Bath Time

Bath Time

Do you like a good joke? I do; however, sometimes I find myself laughing at corny ones.  I just heard a child call into the radio station to tell a joke:

What do you call a fairy who won’t take a bath? Stinker Belle

Corny, I know, but what do you expect from a second grader? I’m sure he could relate to the joke. There’s something about a bath that children loathe. They come up with all sorts of reasons why they don’t want to or need to take a bath. When my son was in elementary school I chaperoned a four day trip to Savannah, Georgia.  We had been out seining on the beach and when we returned to the hotel I sent one of the boys in the bathroom to take the first shower.  In less than two minutes, he came out in different clothes and said he was done.  Growing up with brothers has its advantages.  I knew something was a bit off.  I walked into the bathroom and there wasn’t a single towel unfolded nor had the bar of soap been opened. I immediately sent him back to bathe.

Teenagers are quite the opposite.  They stay in the shower until the well runs dry.  While one might think girls are the ones who use up all the hot water in the shower, an informal pole I took indicates boys are just as bad.  You could get a day’s work done in the time it takes a teenager to bathe.

As adults, we recognize the need to bathe daily, so why do many want to follow the practice of spiritually bathing once a week?

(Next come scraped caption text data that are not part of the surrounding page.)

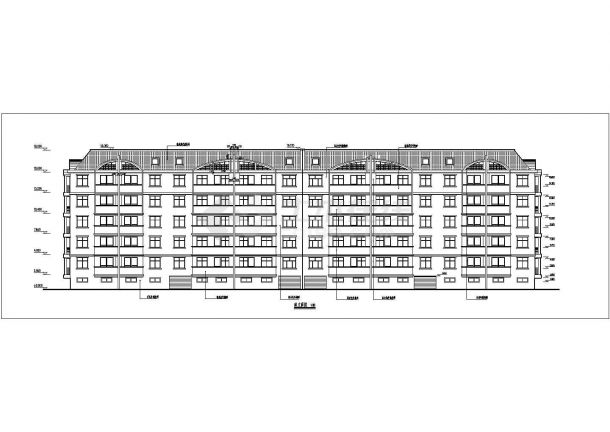 南通市某小区4770平米6层砖混结构住宅楼建筑设计CAD图纸-图二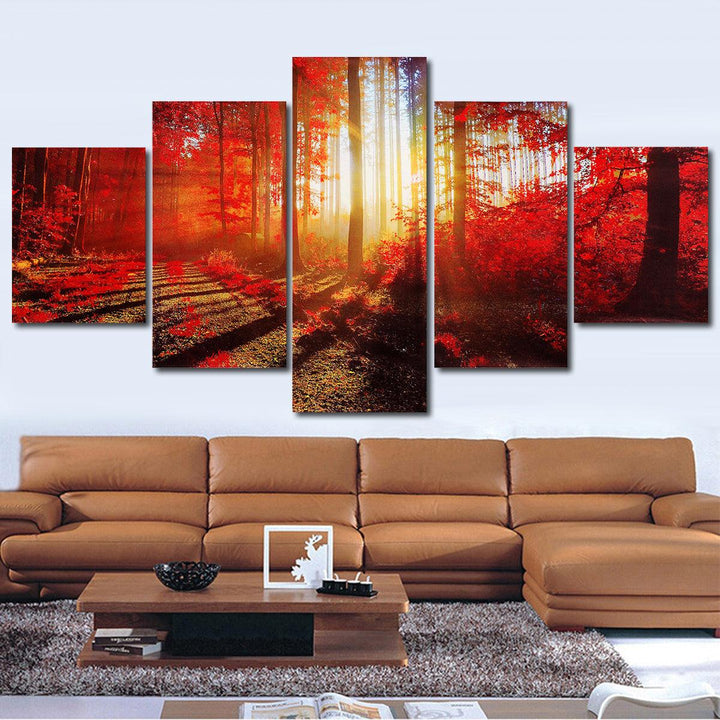 5Pcs Canvas Print Paintings Landscape Red Maple Forest Wall Decorative Art Pictures Frameless Wall Hanging Decorations for Home Office - MRSLM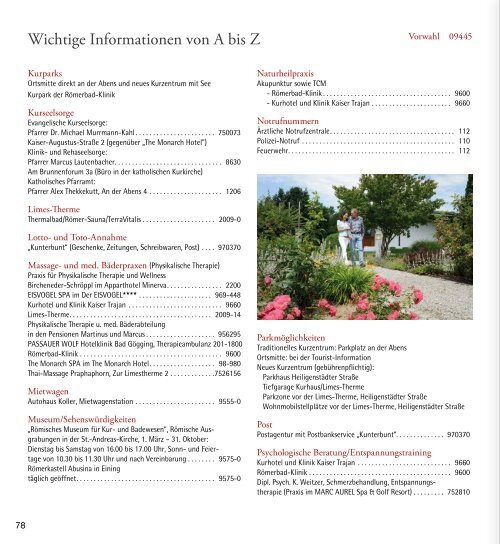 Urlaubsmagazin Bad Gögging 2019 - Gastgeber & Informationen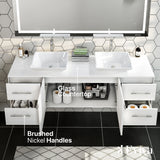 Eviva Totti Wave 72 in. W x 16 in. D x 22 in. H Double Bathroom Vanity in White with White Glassos Top and White Vessel Sinks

There are adults embrace this habit. They pop into church on Sunday to get cleaned up for the week and don’t see the purpose in being cleansed daily by the Lord. The Lord Himself knew the benefit and purpose of spending time daily with the Father [Mark 1:35]. We; however, tend to grade sin.  We say murder is worse than telling a lie, but sin is sin in that it all nailed Jesus to the cross. Even without intentionally sinning, we all fall short of living a life of perfection [Romans 3:23]. We need to be cleansed daily from our sins and unrighteousness to keep us from being separated from the Lord. We do not need to take up bathing habits from children.

We also don’t need to follow a teenager’s lead when it comes to bathing practices. Showering until the well runs dry isn’t a good idea.  While the spiritual well won’t ever run dry (thankfully), we cannot simply remain hidden away in the presence of the Lord and accomplish the work He prepared in advance for us to do [Ephesians 2:10].  We have to get out into the world in order to be His witnesses and spread the Gospel [Acts 1:8].  In Matthew 9:12, Mark 2:17, and Luke 5:31 Jesus said,

It is not the healthy who need a doctor, but the sick.”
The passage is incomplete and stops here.